Appointing a legal guardian for the mentally incapable.
To become a court appointed guardian of property; there are two procedures: the “standard procedure” and the “summary disposition procedure”. The second procedure needs two assessments (at least one by an official “assessor”), which happens to be the main difference between the two procedures. In a summary disposition procedure, a judgment appointing a guardian of property can be obtained from a judge without a court hearing. To appoint a person as guardian of another’s property a proceeding is to be commenced by Notice of Application, according to the Substitute Decisions Act (SDA). Considering that section 25(1) of the SDA requires: “[that a judgment] appointing a guardian of property for a person shall include a finding that the person is incapable of managing property and that, as a result it is necessary for decisions to be made on his or her behalf by a person who is authorized to do so”, hence the Notice of Application should seek a judgment that the person is incapable of managing property and that, as a result, it is necessary to appoint a guardian of property.
Evidence on motions and applications is governed under Rule 39 of the Rules of Civil Procedure (Rules). Although evidence can be given by affidavit, such evidence is not to be on “information and belief” except with respect to facts that are not contentious. There is nothing in the SDA requiring an affidavit by the applicant, as a general rule, but the Court cannot act without evidence being brought before it. In view of this, unless the applicant intends to call viva voce evidence (live testimony), an affidavit by the applicant will be required.
It is necessary that the management plans are reviewed in detail by the court and are, therefore, key elements in an applicant’s submissions.
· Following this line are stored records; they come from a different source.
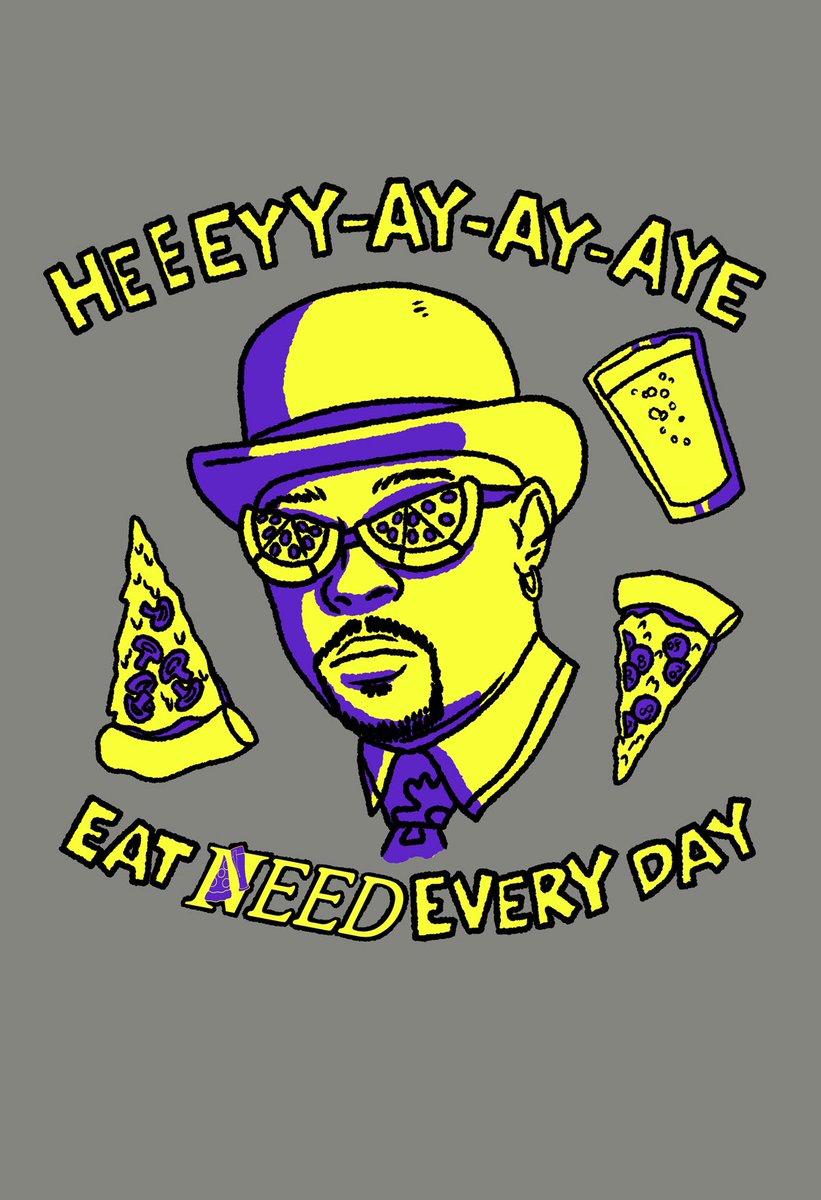 Need Pizza (@needpizzacr) on Twitter photo “Hold up, hey! Hope yer ready for the next episode.” 10 years ago to the day the music world lost an icon. Nate Dogg passed March 15, 2011 and we will never forget his love of pizza and how he famously said “Eat Need Every Day”. #ripnatedogg <a href="/SnoopDogg/">Snoop Dogg</a> “Hold up, hey! Hope yer ready for the next episode.” 10 years ago to the day the music world lost an icon. Nate Dogg passed March 15, 2011 and we will never forget his love of pizza and how he famously said “Eat Need Every Day”. #ripnatedogg <a href="/SnoopDogg/">Snoop Dogg</a>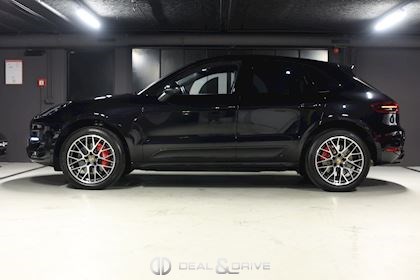MACAN TURBO PDK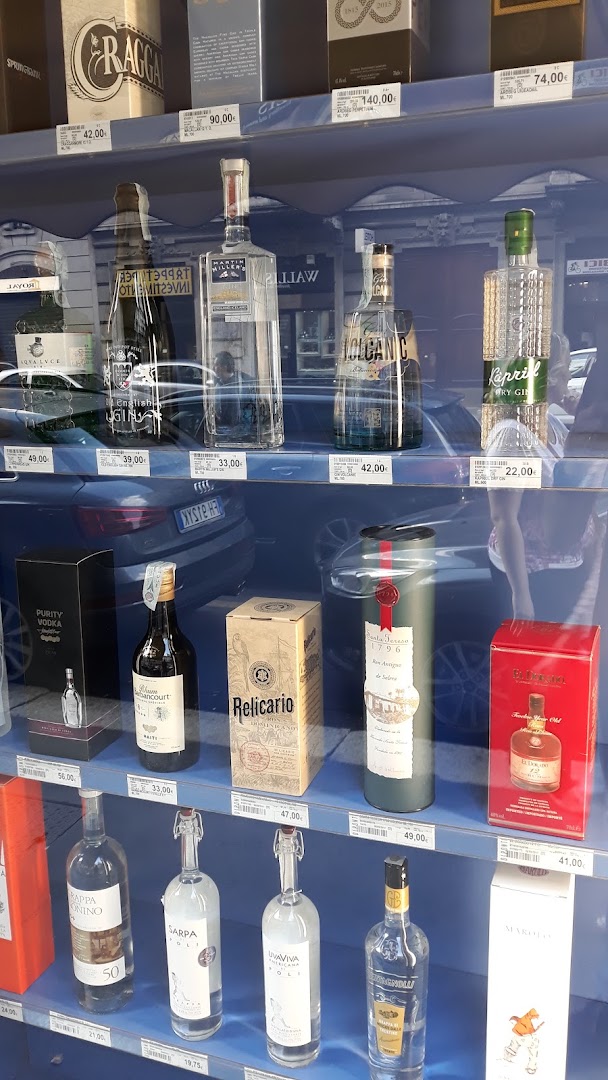 Drogheria De Ponti - Enoteca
When reviewing the management plans (separate plans are to be filed for a guardianship of property and guardianship of the person), the court will consider only the best interests of the incapable person.
It would be seen that there is no provision in the SDA indicating that medical affidavits are necessary, nor was there any under the predecessor statute, the Mental Incompetency Act. Anyway, the general practice of the courts, which admits exceptions in certain circumstances, is to require affidavits from at least two physicians, a procedure in accordance with the Re: Avery case. So, it is expected that before the court is delivering a judgment finding a person incapable of managing property and giving someone else the authority to manage property for him, the judge is going to require very clear medical evidence of these facts. It is particularly important when utilizing the standard procedure for the application, as opposed to the summary procedure.
Hearing and judgment
There has to be a finding in the judgment that not only the person is incapable, but also as a consequence, it is necessary for decisions to be made on that person’s behalf by a person who is authorized to do so. It is necessary for the judgment to include a specific statement of the appointment of the guardian of property. The court could appoint joint guardians or two persons, each to be the guardian for a specified part of the property. If any security is to be posted, the judgment would detail that along with the extent of the security. It is likely that the court would make the appointment for a limited period of time and impose conditions upon the appointment. Nothing in the provision specifically requires the court to incorporate a management plan, or a form of management plan, into the judgment, but the guardian of the property has to act in accordance with a sort of plan. So, it is preferable to seek a specific reference to the management plan in the judgment, or attach the plan as a Schedule to the judgment.
In a summary disposition the applicant is allowed to seek a judgment from the court appointing a guardian of property without a hearing, that is, “over the counter”. For this, the applicant has to follow all the steps in the standard procedure except the court hearing. As a hearing is not conducted, the applicant gets statements from at least two medical assessors, or one assessor and another person (who saw the alleged incapable person within one year prior to issuance of the Notice of Application), who are to meet the same incapable person and provide statements in a prescribed form. One of those statements should include the opinion and a strong recommendation that it is necessary to appoint a guardian for property to make decisions on the allegedly incapable person’s behalf. In view of the extra steps required in the summary procedure, this method is rarely used. Moreover, judges are very reluctant to declare a person incapable without a hearing and would like to ask the lawyer at least a few questions, even in an uncontested guardianship application. There are jurisdictions, regardless of the statute, where the registrar will not even accept an over-the-counter application; but will instead automatically set the matter down for a hearing.